Mark’s Passion pulls no punches. No one is let off the hook. Whatever your personal weaknesses, they are there in the Passion story. Yet amidst the warts there is beauty still. Evil is only ever parasitic on good, and the contrast with imperfections brings goodness to the fore. A woman of Bethany anoints Jesus, demonstrating love and conviction, a willingness to be close to her Redeemer, no matter what others say. Simon of Cyrene shares in the Lord’s suffering, literally bearing His cross, as all disciples must if we are to share in His glory. Joseph of Arimathea, at odds with the rest of the Council, asks for the body of Jesus that he might bury it reverently. Mary of Magdala and the other women stand close-by. All these demonstrate that human beings can resist the pressures of the crowd, of the culture, of the powerful. We can conquer our own fears and frailty, and choose the path of courage and strength. We are free to repent of sins and vices, and pursue grace and virtue. Love can conquer all: though dark descends and the veil of the Temple is rent asunder, still a centurion can profess Jesus as Son of God.
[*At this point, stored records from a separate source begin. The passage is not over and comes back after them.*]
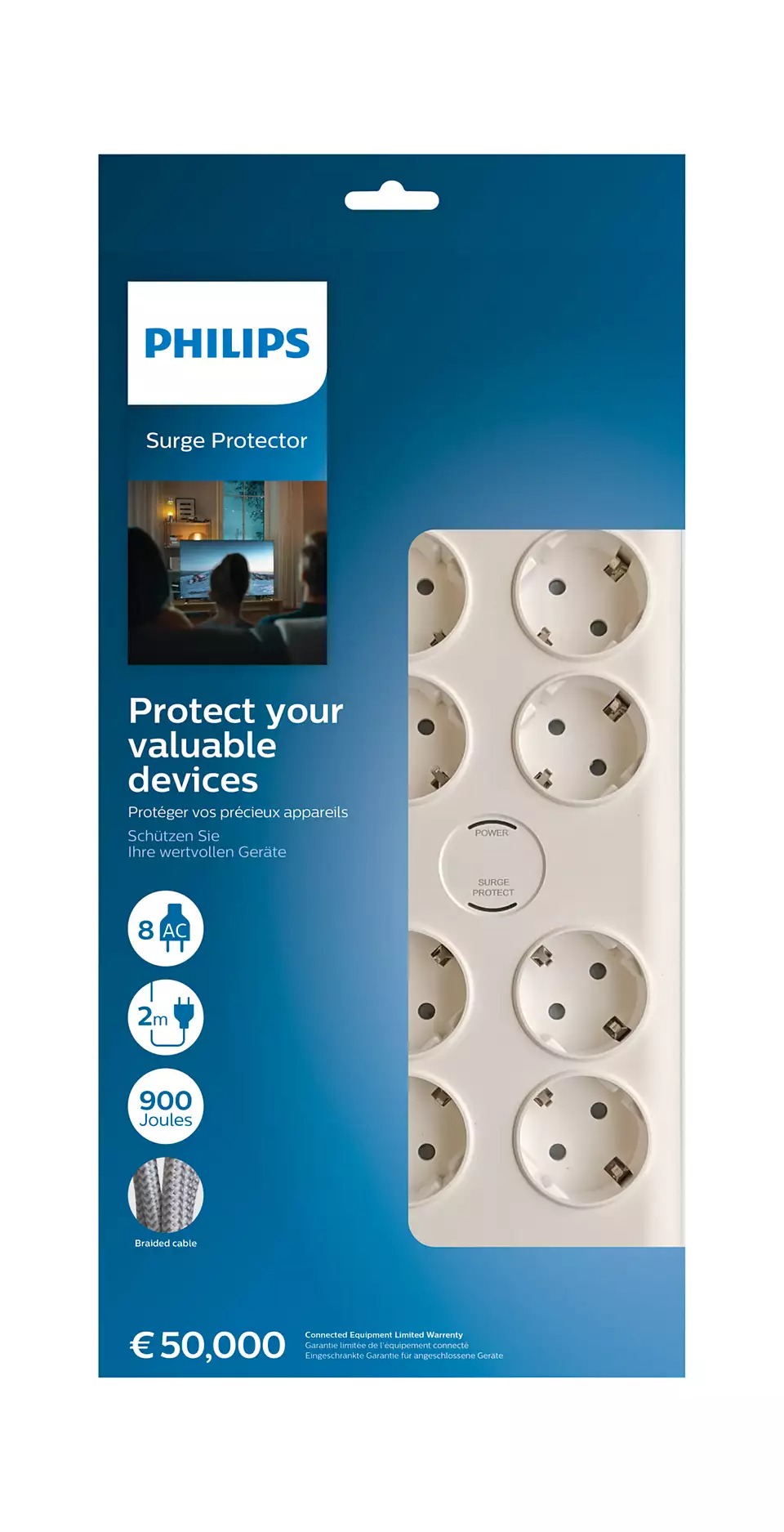 Kabllo vazhduese Philips SPN7080WA/58, surge protection, 8 dalje, 2m, e bardhë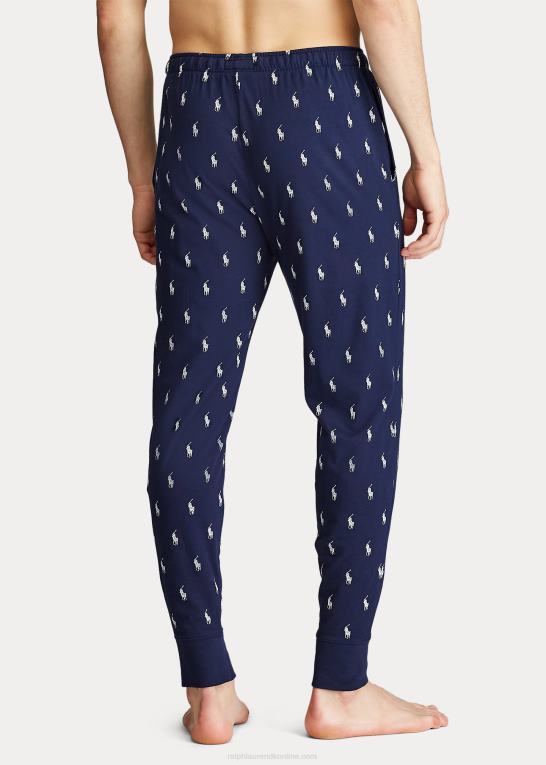 krydstogt flåde/nevis Mænd Ralph Lauren allover sovejogger i bomuld i pony Z426B611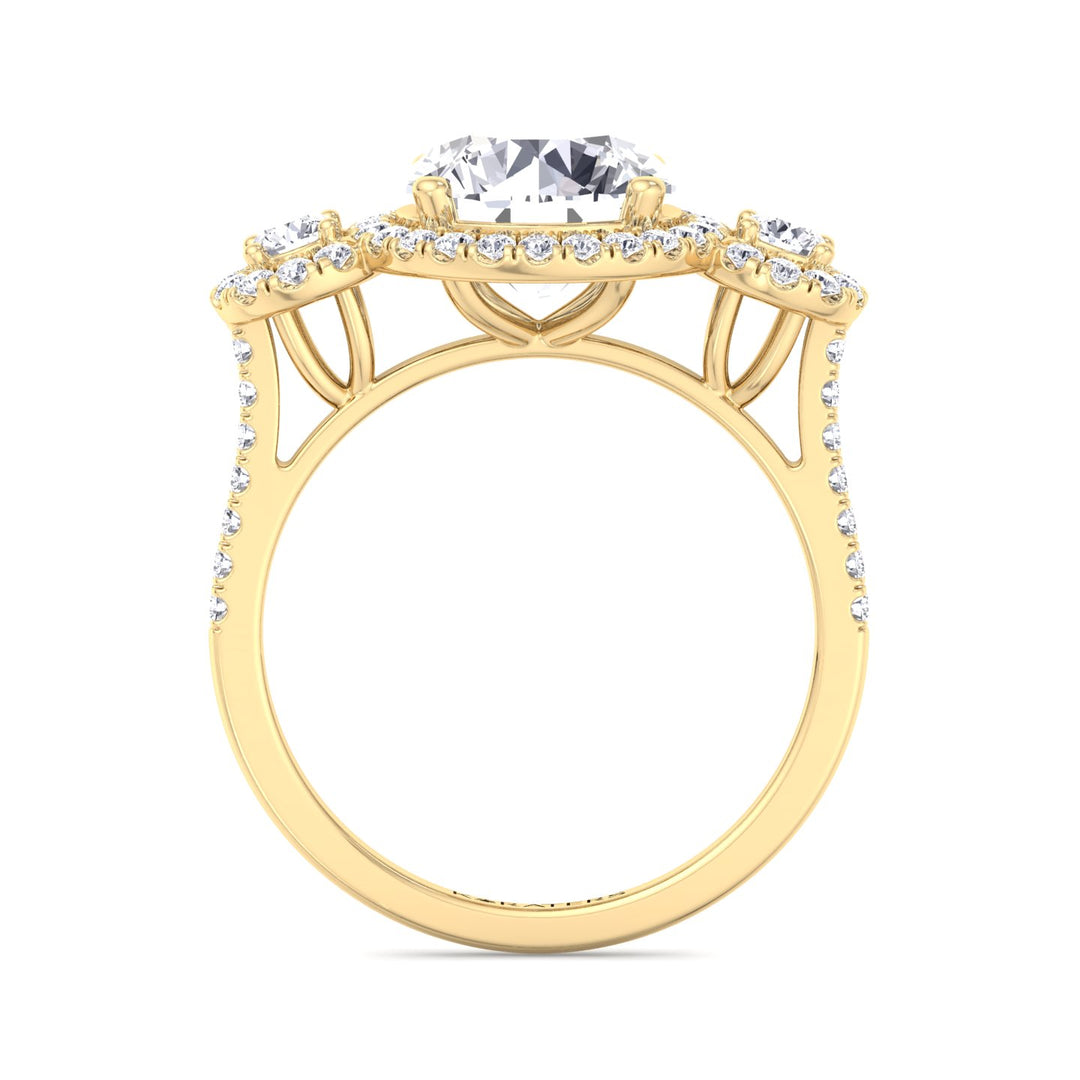 Assen-Round Cut Triple Halo Lab Diamond Engagement Ring, Yellow Gold, Profile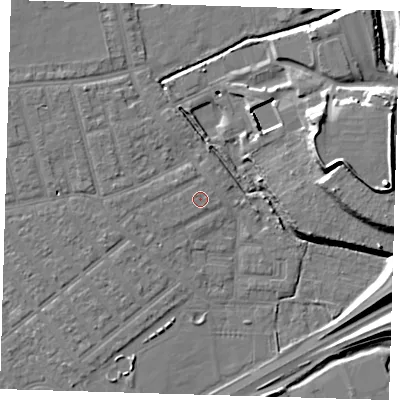 Shaded relief map of the ground around E66AS, computed from Environment Agency LiDAR. The ground here sits at about 3 m above sea level and falls 17 m across the surrounding 800 m. Surface water reaching this point runs off ground lying to the west, 0.6 m higher.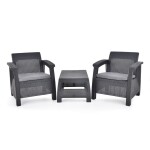 <p>Luxurious combined set of two armchairs and a table made of artificial rattan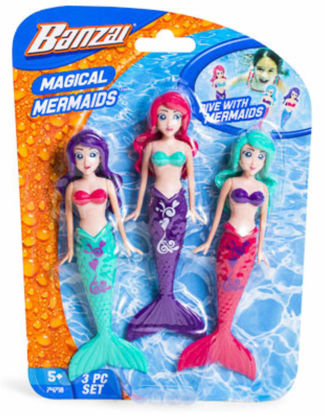 Picture of Fun Stuff Banzai Spring and Summer 3 Piece Magical Mermaid Dolls, in Assorted Colors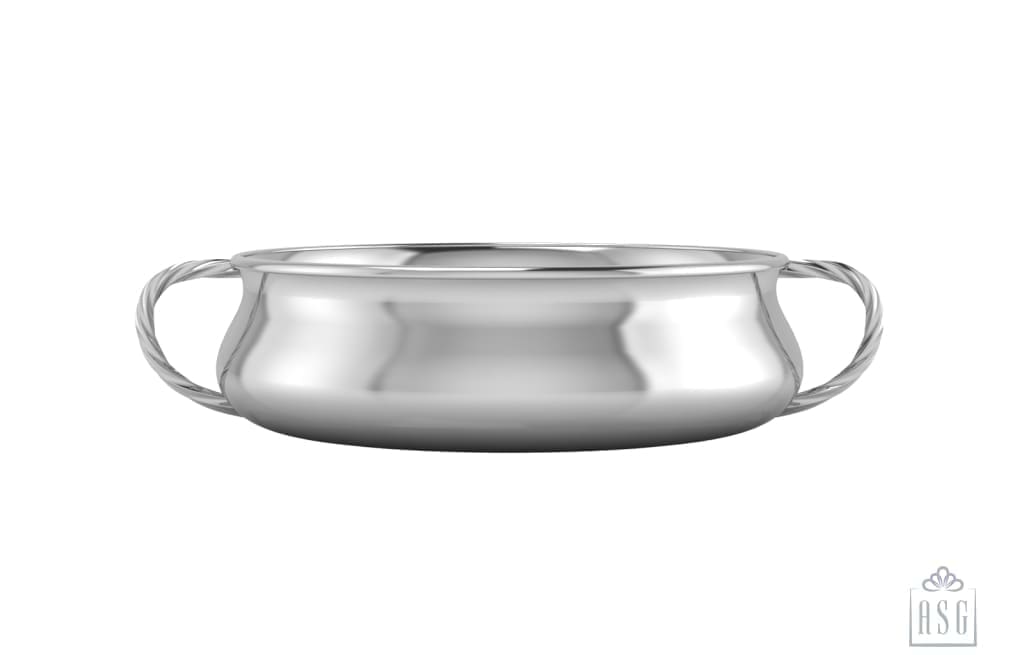 Silver Plated Bowl for Baby & Child - Twisted Handle Feeding Porringer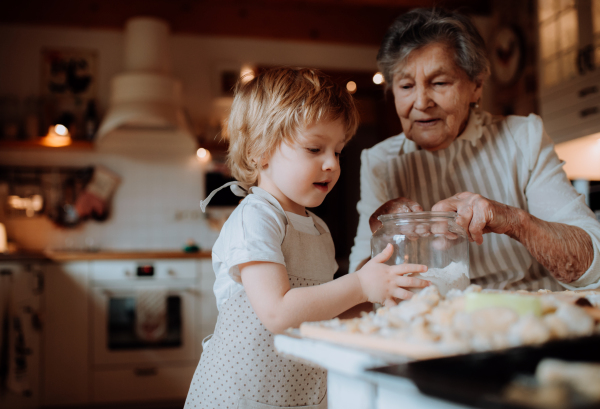 Happy senior great grandmother with small toddler boy making cakes at home.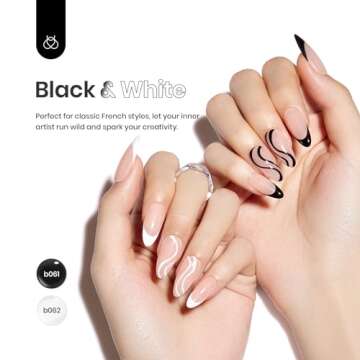 beetles Gel Polish Nail Art Liner Gel Polish Set- 2 Popular Black White Colors Nail Art Polish Gel A...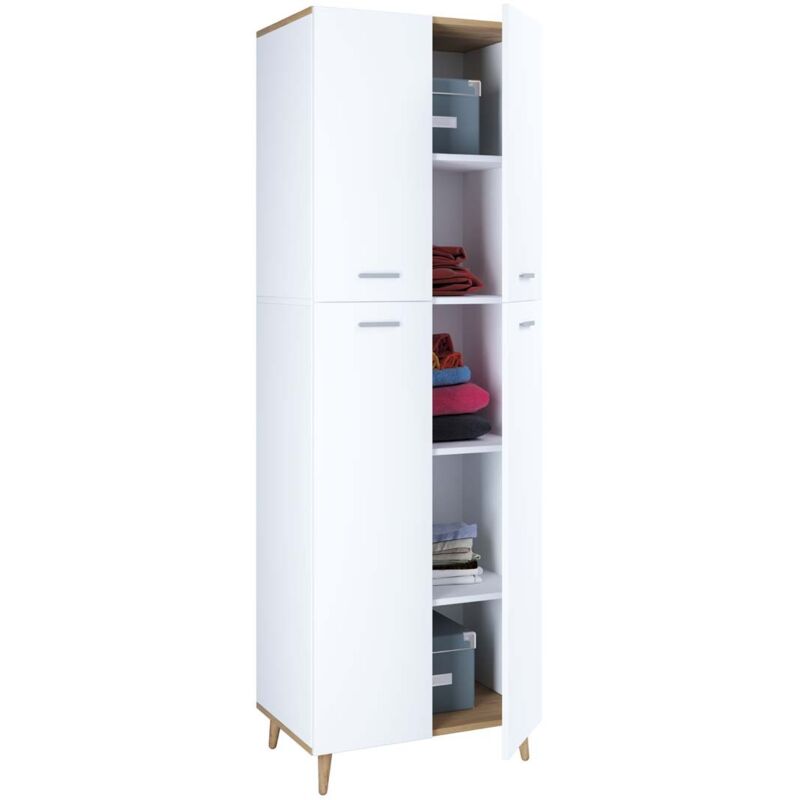 Ebuy24 - Particularités Landos h. 184 x l. 60 x p. 39 cm Blanc/Hong Eiche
Dear friends, we began our celebration today on a high note by joining the children of Jerusalem, singing Hosanna to the King, the new David, Blessed is He who comes in the name of the Lord, Hosanna in the highest (Mk 11:1-10). But by chanting Mark’s Passion and sacrificing Christ’s body and blood, we also face up to the warts and all of human hearts and behaviour. Then soon we will sing yet again Holy, Holy, Holy Lord…Blessed is He who comes in the name of the Lord. Hosanna in the highest. We will celebrate the Communion that heals our blemishes and restores our original beauty. For though His state was divine, Jesus assumed the condition of a man, a slave, a criminal, a corpse. He accepted death, even on the cross, that God might raise Him on high (Phil 2:6-11)—and raise us all with Him.